Qué desgracia. Su madre, que había vivido en Luctano toda su vida, reducida a ser cliente de un hotel, aunque fuese propiedad de los Romano.
Dante estaba furioso mientras se servía un coñac, aunque intentaba disimular, pero cuando empezaron a hablar de los arreglos para el funeral sintió el profundo deseo de ver a su padre por última vez.
–Voy al hospital. ¿Queréis venir?
Stefano negó con la cabeza y Adriana empezó a llorar de nuevo.
–Muy bien. Mañana iremos juntos a Luctano para el funeral.
–Es culpa mía –dijo Angela entonces, como hablando consigo misma–. Debería haber sido una esposa mejor. Debería haber aguantado…
–¿Aguantar qué, mamá? Nada de esto es culpa tuya.

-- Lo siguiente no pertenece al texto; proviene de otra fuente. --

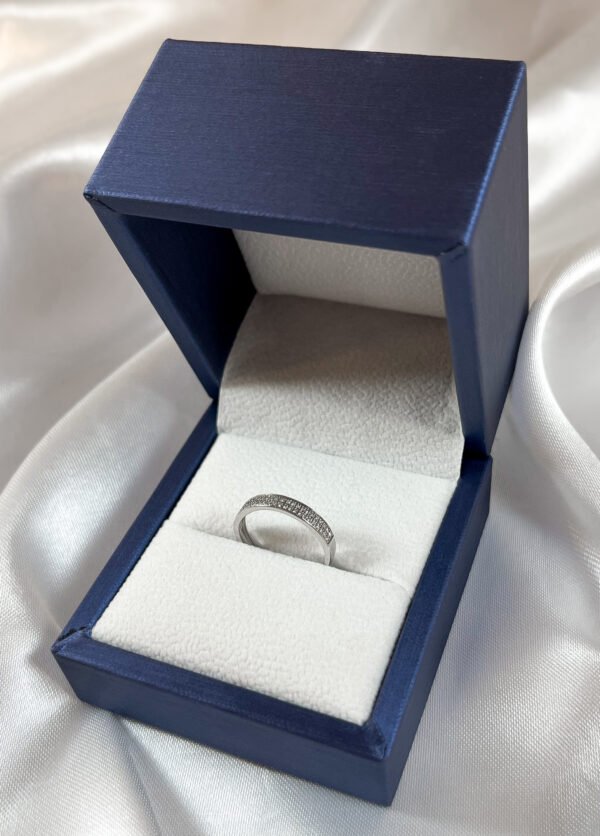Anillo de oro blanco con doble corrida de diamantes 3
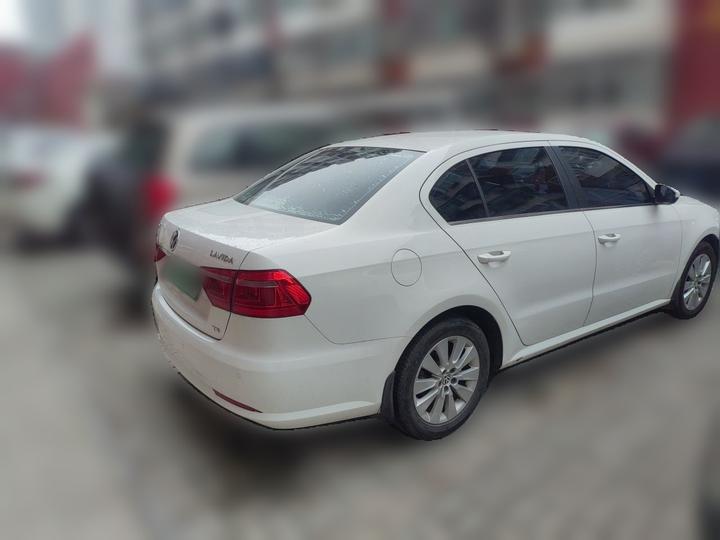 Lavida 2013 Facelift 1.4TSI DSG Comfort photo 6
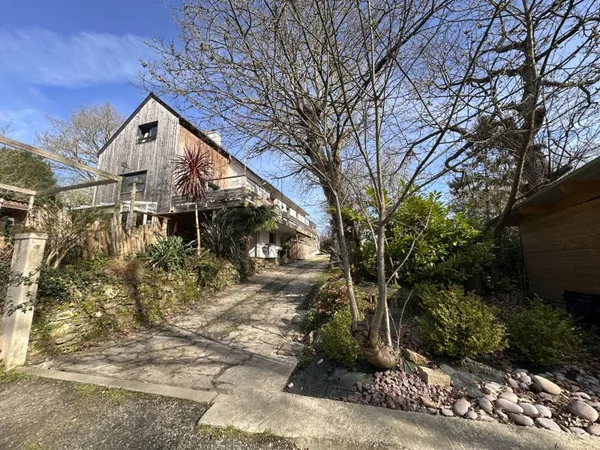 Maison 6 pièces 181 m²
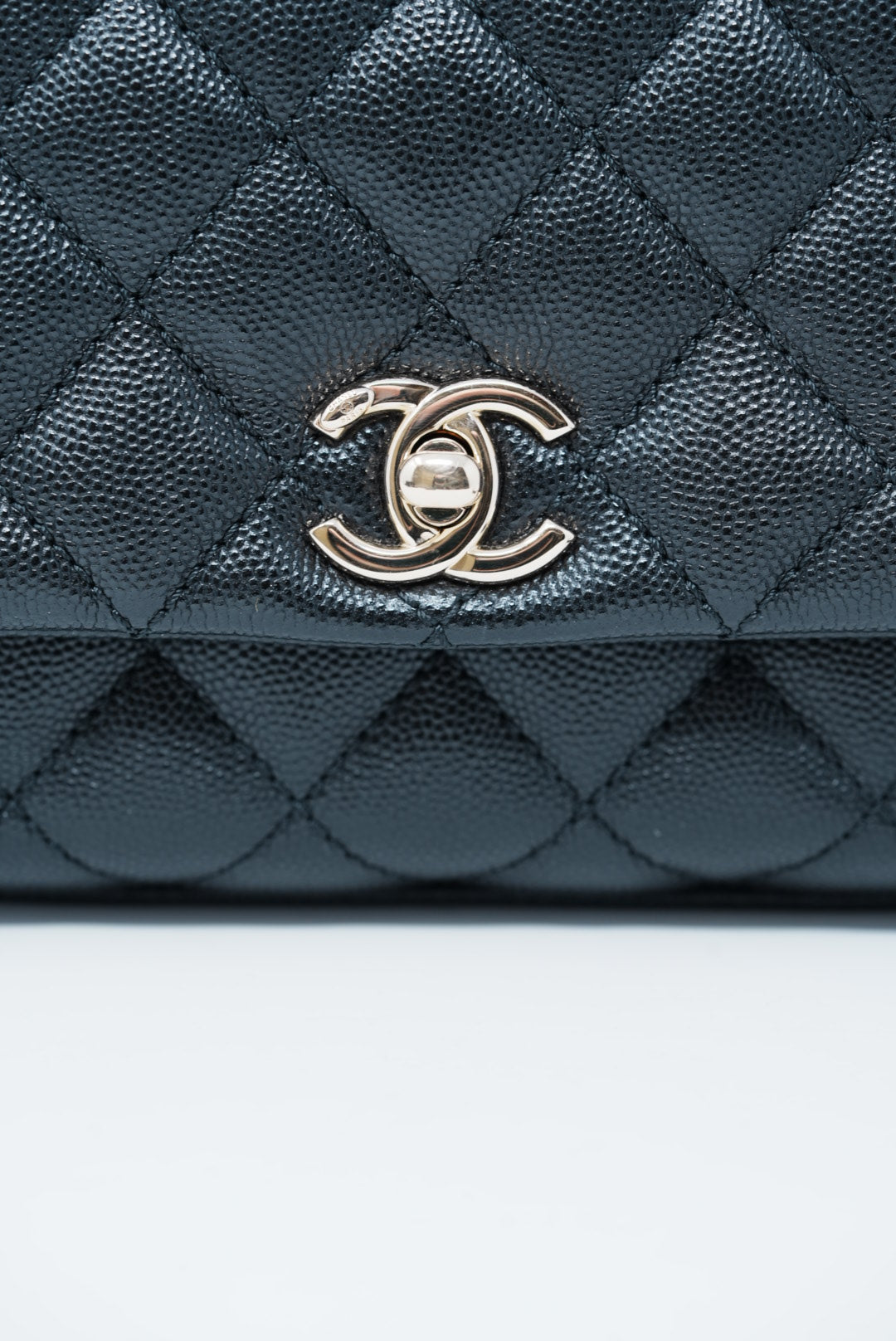 Pre-Owned Chanel Extra Mini CoCo Handle 2021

Él sabía bien de quién era la culpa.
–Yo me encargo de darle la comida a Alfonzo –se ofreció Stefano.
Maldito perro.
Alfonzo, un bichón maltés viejo, ciego y antipático, era su cruz y la razón por la que no llevaba mujeres a su casa.
–Gracias.
Cuando llegó al hospital, Mia no estaba en la habitación. En realidad, no esperaba encontrarla velando el cadáver de su padre y se alegró de no tener que verla en ese momento.
Rafael Romano tenía un aspecto tranquilo, como si estuviera dormido, y la habitación olía ligeramente a vainilla. Eran las orquídeas, pensó. Siempre había orquídeas en la habitación de su padre.
–Lo sabías, ¿verdad? –musitó, sentándose a su lado y apretando la helada mano de Rafael–. Por eso anoche me dijiste que querías volver a Luctano.
Por fin, su voz se rompió mientras le hacía la pregunta que no se había atrevido a hacer cuando su padre estaba vivo:
–¿Por qué tuviste que casarte con ella, papá?
Y no se refería al dolor que había causado el segundo matrimonio de Rafael, sino a la agonía de desear a la esposa de su padre.